Instructions to follow — Every line from the one holding "5th image of 942 Fountain St NE #2" to the end of the entries should be repeated exactly, with the pictures left out.

Dataset excerpts:
::::::::::

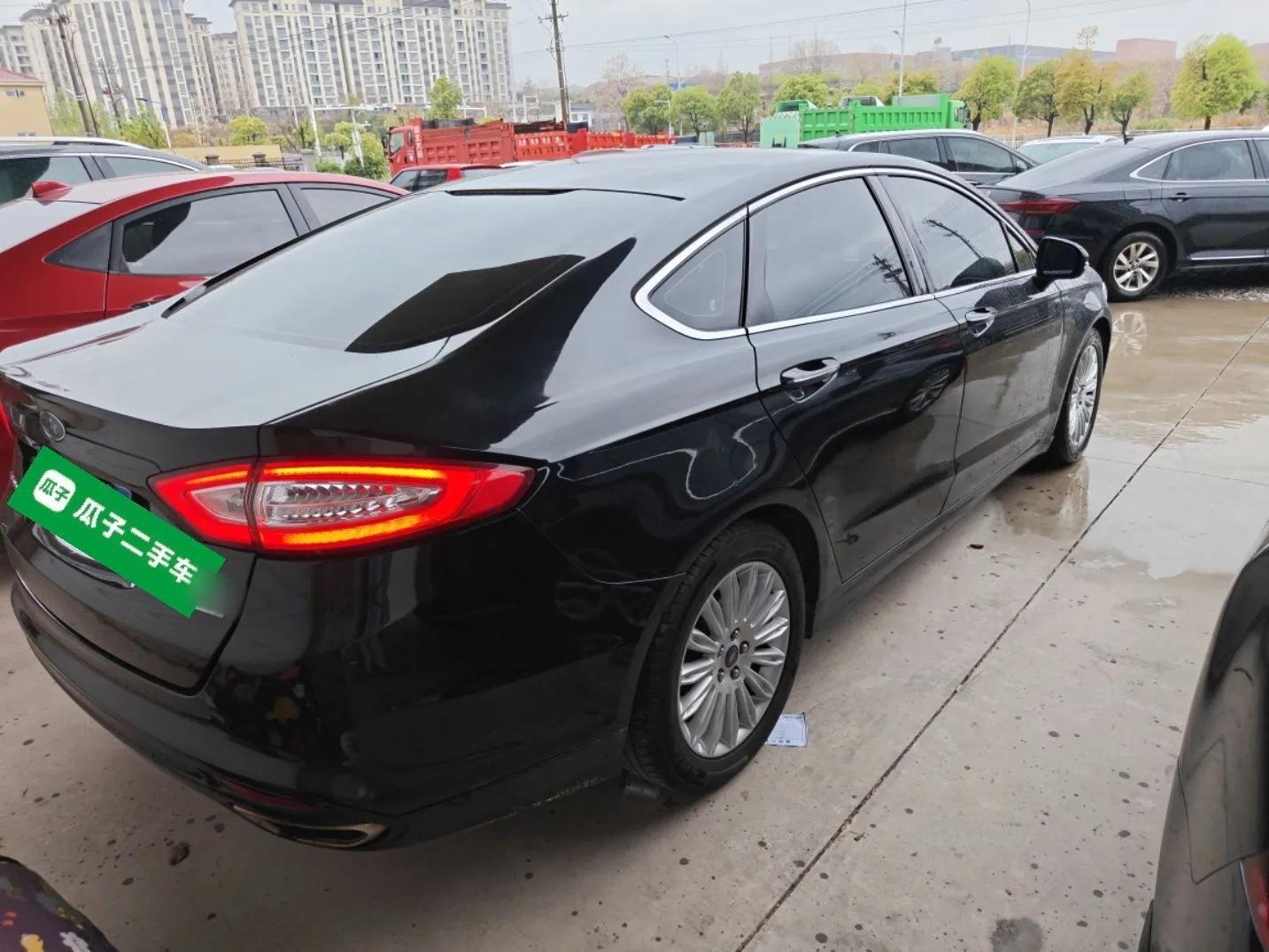Ford Mondeo 2013 2.0L GTDi 200 Fashion Edition — миниатюра 6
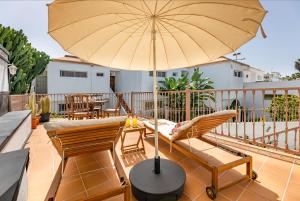 Balkón nebo terasa v ubytování Villa Corralejo Bay Beachfront Corralejo By Holidays Home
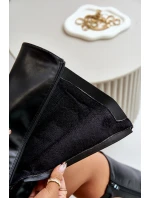 Dámské zateplené kozačky na plochém podpatku se zlatou sponou černé model 21671225 - Boto Dámské zateplené kozačky na plochém podpatku se zlatou sponou černé model 21671225 - Boto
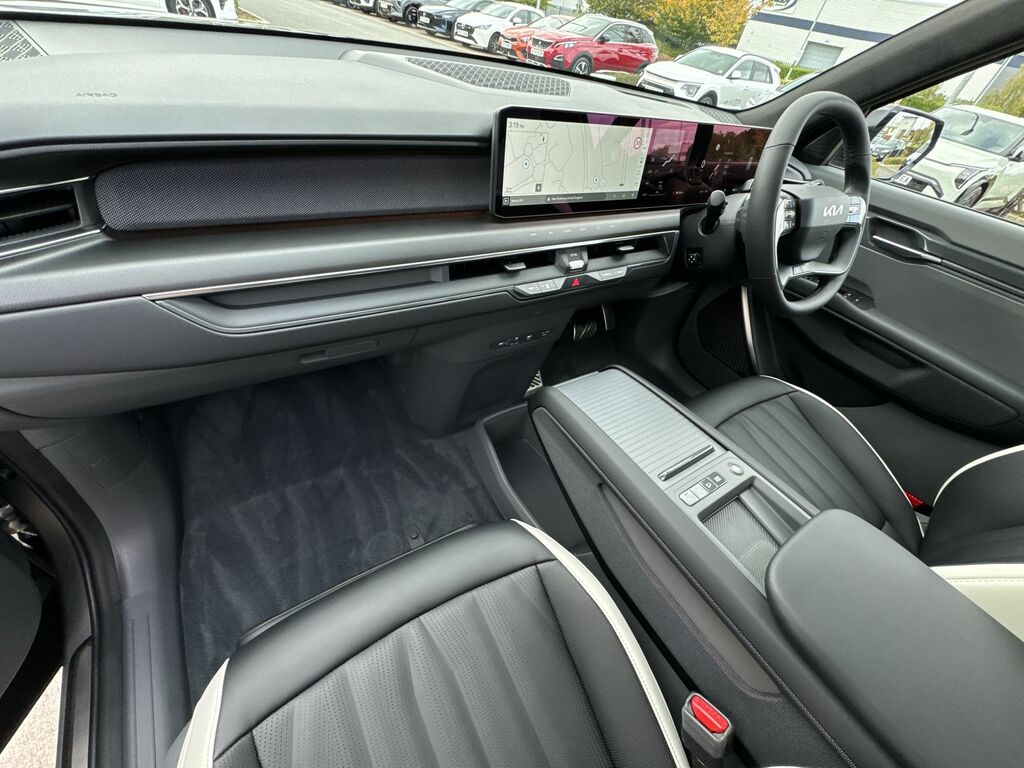 Kia EV9 81.4Kw Motor Ev White #16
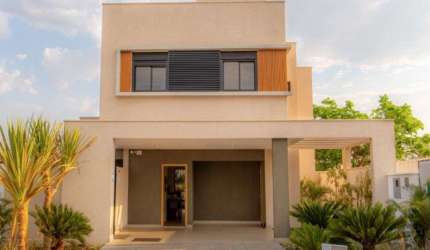 Sobrado com 4 dormitórios à venda, 181 m² por R$ 1.211.020,19 - Jardins Marselha - Aparecida de Goiânia/GO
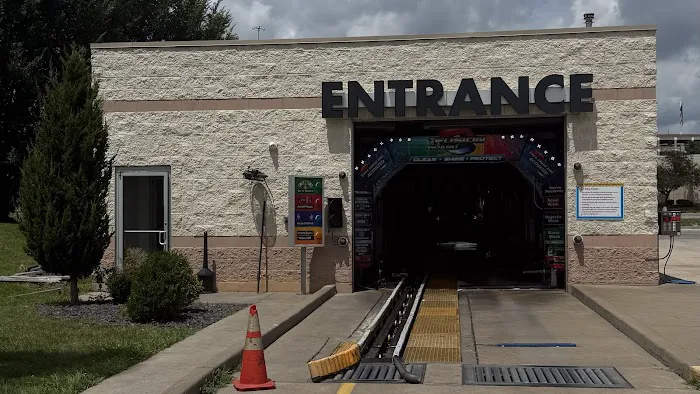 Crown Express Car Wash Picture 2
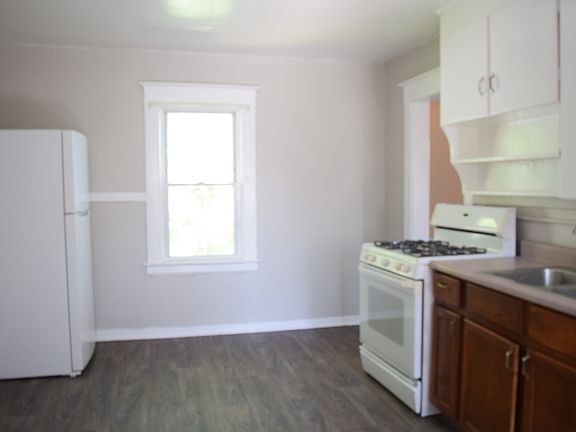 5th image of 942 Fountain St NE #2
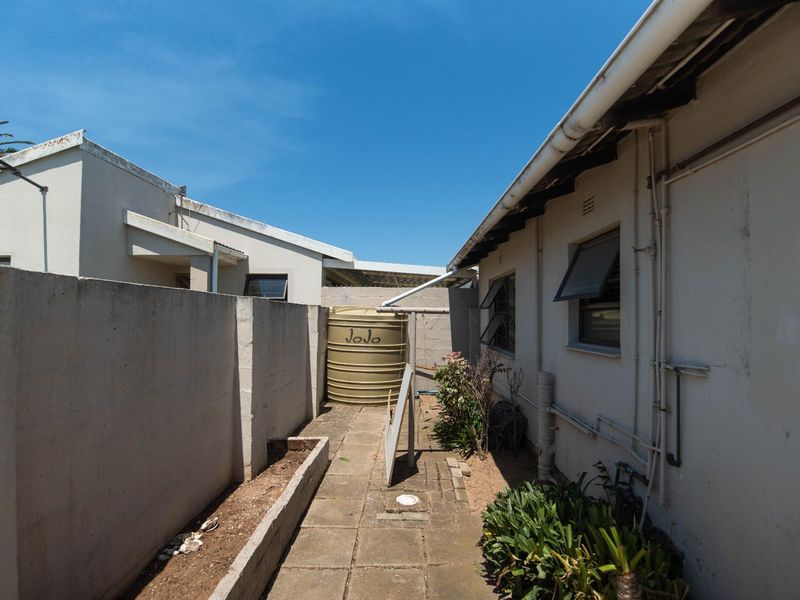 Modern, Newly Renovated 2-Bedroom Home | Oakdene Complex, Overbaakens - Photo 6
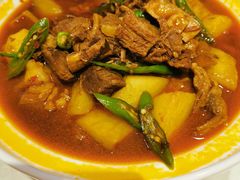 土豆烧牛肉-国人川菜(李家村建东街店)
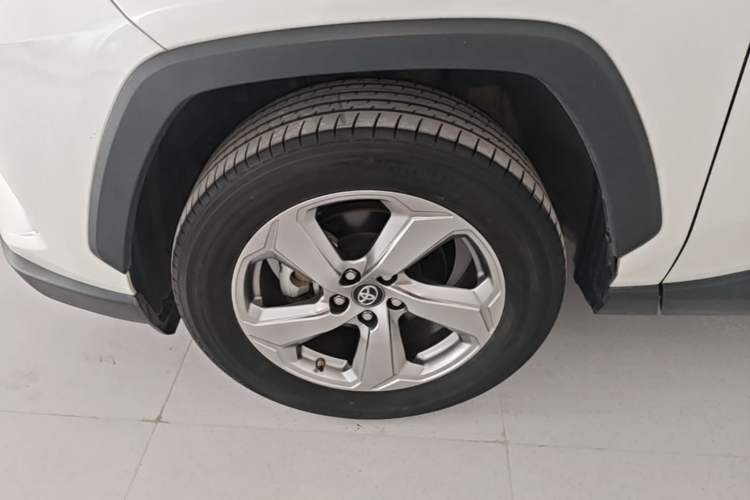 Used Toyota RAV4 2021 2.0L CVT Two-Wheel Drive Fashion PLUS Edition Left Front Wheel Hub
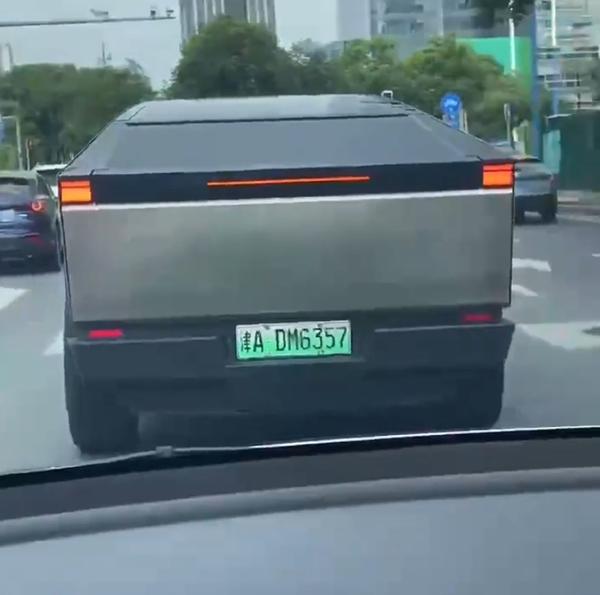 惊爆！特斯拉Cybertruck悄然现身中国路面，还挂上了正规车牌？

近日，天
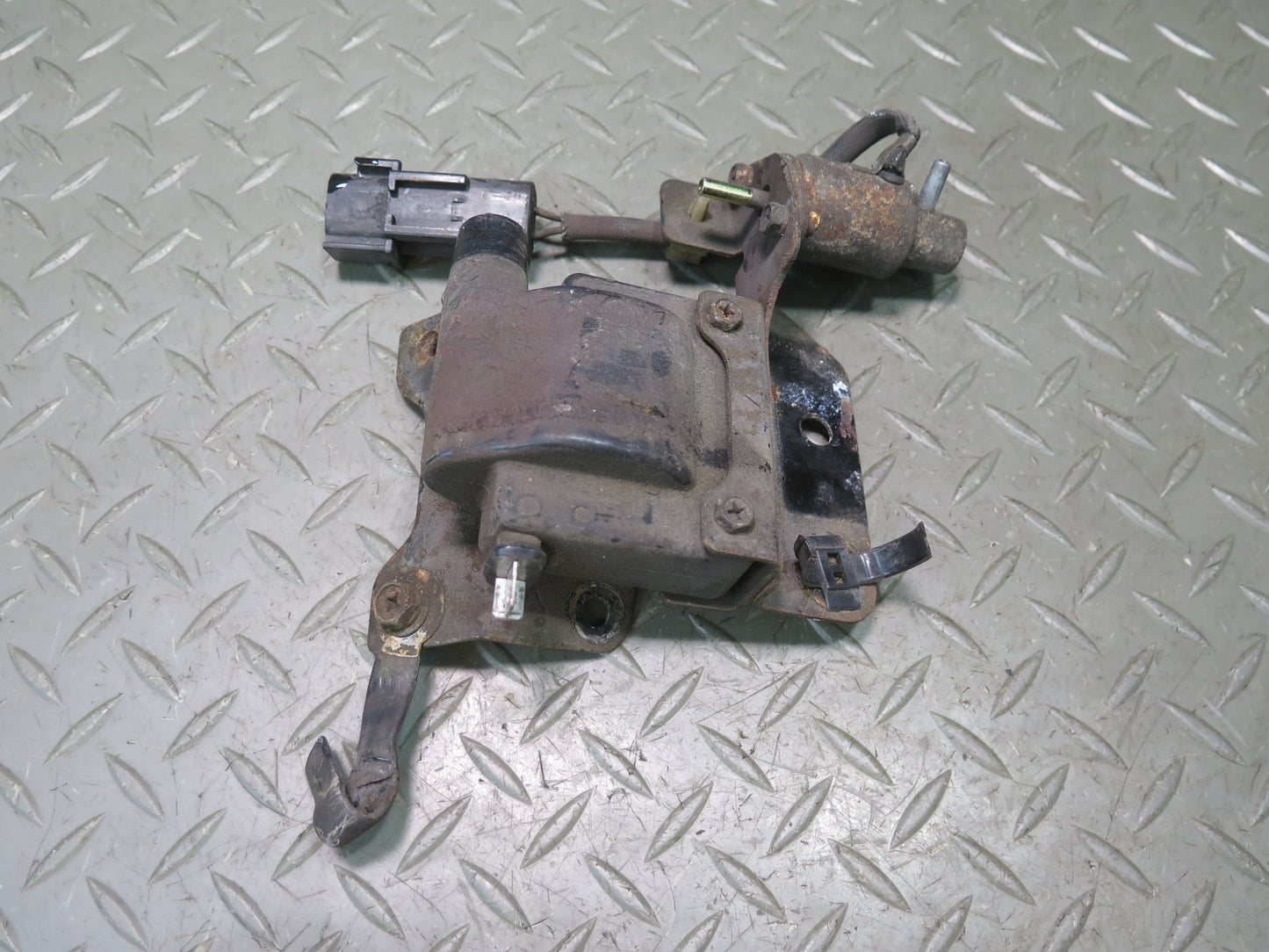 84-86 Nissan Z31 300ZX VG30ET Turbo Ignition Coil Assembly 60K Miles OEM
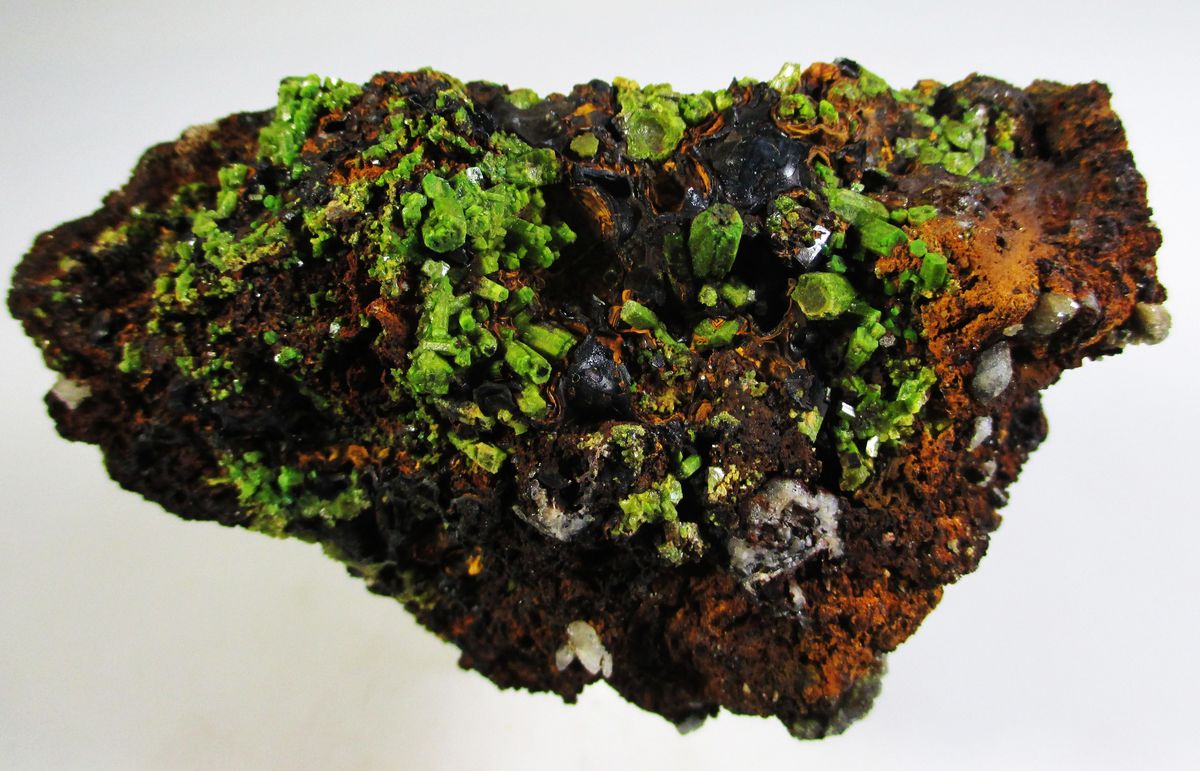 Pyromorphite & Limonite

::::::::::

Problem solution —
 5th image of 942 Fountain St NE #2
 Modern, Newly Renovated 2-Bedroom Home | Oakdene Complex, Overbaakens - Photo 6
 土豆烧牛肉-国人川菜(李家村建东街店)
 Used Toyota RAV4 2021 2.0L CVT Two-Wheel Drive Fashion PLUS Edition Left Front Wheel Hub
 惊爆！特斯拉Cybertruck悄然现身中国路面，还挂上了正规车牌？

近日，天
 84-86 Nissan Z31 300ZX VG30ET Turbo Ignition Coil Assembly 60K Miles OEM
 Pyromorphite & Limonite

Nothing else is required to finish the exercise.